Sieve Diagram

image

Plots a sieve diagram for a pair of attributes.

Signals

Inputs:

Input data set.

Outputs:

Description

Sieve diagram is a graphical method for visualizing frequencies in a two-way contingency table and comparing them to the expected frequencies under assumption of independence. The sieve diagram was proposed by Riedwyl and Schüpbach in a technical report in 1983 and later called a parquet diagram (Riedwyl and Schüpbach, 1994). In this display the area of each rectangle is proportional to the expected frequency, while the observed frequency is shown by the number of squares in each rectangle. The difference between observed and expected frequency (proportional to the standard Pearson residual) appears as the density of shading, using color to indicate whether the deviation from independence is positive (blue) or negative (red).
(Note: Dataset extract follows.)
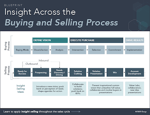 Insight Across the Sales Process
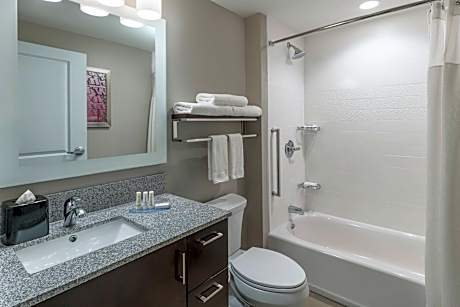 Executive Studio, 1 King Bed with Sofa bed (1 King Bed and 1 Double Sofa Bed)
The snapshot below shows a sieve diagram for Titanic data set and has attributes sex and survived (the latter is a class attribute in this data set). The plot shows that the two variables are highly associated, as there are substantial differences between observed and expected frequencies in all of the four quadrants. For example and as highlighted in a balloon, the chance for surviving the accident was much higher for female passengers than expected (0.06 vs. 0.15).

image

Pairs of attributes with interesting associations are shown with shading the most interesting attribute pair in the Titanic data set, which is indeed the one we show in the above snapshot. For contrast, a sieve diagram of the least interesting pair (age vs. survival) is shown below.

image

References

Riedwyl, H., and Schüpbach, M. (1994). Parquet diagram to plot contingency tables. In Softstat '93: Advances in Statistical Software, F. Faulbaum (Ed.). New York: Gustav Fischer, 293-299.